WHAT TO WORK ON: Starting at the line with "مطعم, Hotel Rodsan Suizo in كاستيلديفيلس" and ending at the line with "TOYOTA 4RUNNER 4.0 SR5 MV Auto 2022", print exactly the lines of the entries below. Pictures do not belong in the copy.

EXERCISE MATERIALS:
[Start of Attachment]

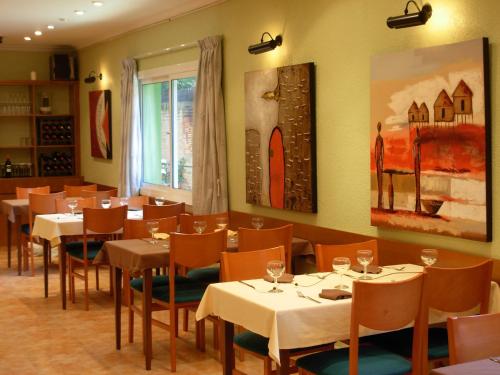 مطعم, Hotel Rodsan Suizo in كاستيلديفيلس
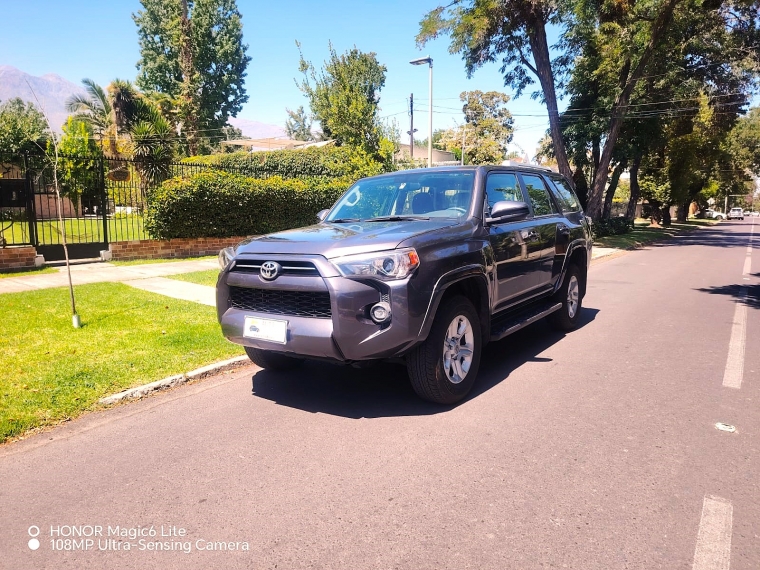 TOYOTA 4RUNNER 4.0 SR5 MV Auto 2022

[End of Attachment]
[Start of Attachment]

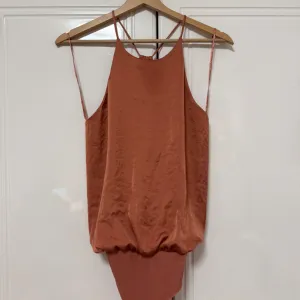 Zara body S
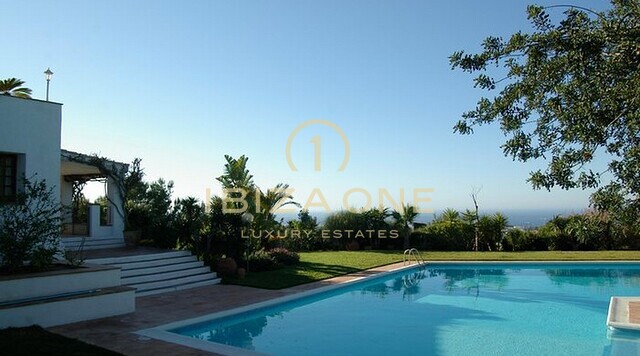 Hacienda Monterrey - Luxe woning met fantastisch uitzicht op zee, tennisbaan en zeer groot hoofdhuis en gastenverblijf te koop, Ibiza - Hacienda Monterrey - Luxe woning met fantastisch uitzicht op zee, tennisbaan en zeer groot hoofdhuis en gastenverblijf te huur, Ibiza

[End of Attachment]
[Start of Attachment]

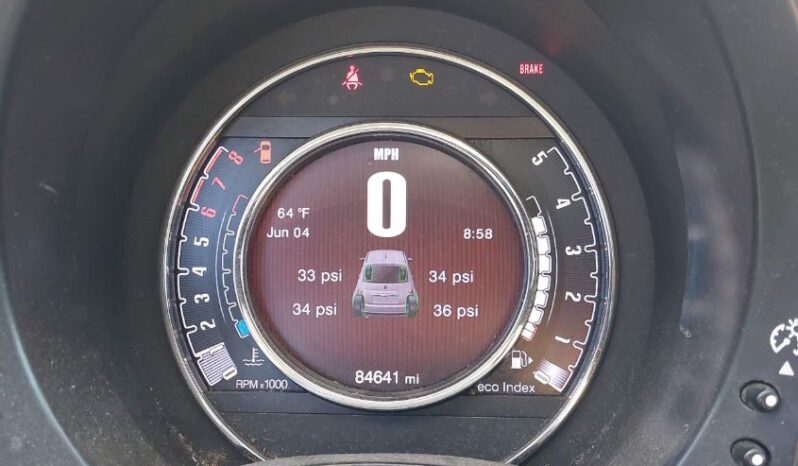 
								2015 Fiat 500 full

[End of Attachment]

ANSWER SECTION:
 مطعم, Hotel Rodsan Suizo in كاستيلديفيلس
 TOYOTA 4RUNNER 4.0 SR5 MV Auto 2022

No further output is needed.